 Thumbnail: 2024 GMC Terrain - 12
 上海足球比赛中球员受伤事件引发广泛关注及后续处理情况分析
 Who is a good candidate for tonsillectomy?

▬▬▬▬▬▬▬▬▬▬

_Your objective:_ All of the data above must be retyped exactly.

_Solution for this exercise:_
 Thumbnail: 2024 GMC Terrain - 12
 上海足球比赛中球员受伤事件引发广泛关注及后续处理情况分析
 Who is a good candidate for tonsillectomy?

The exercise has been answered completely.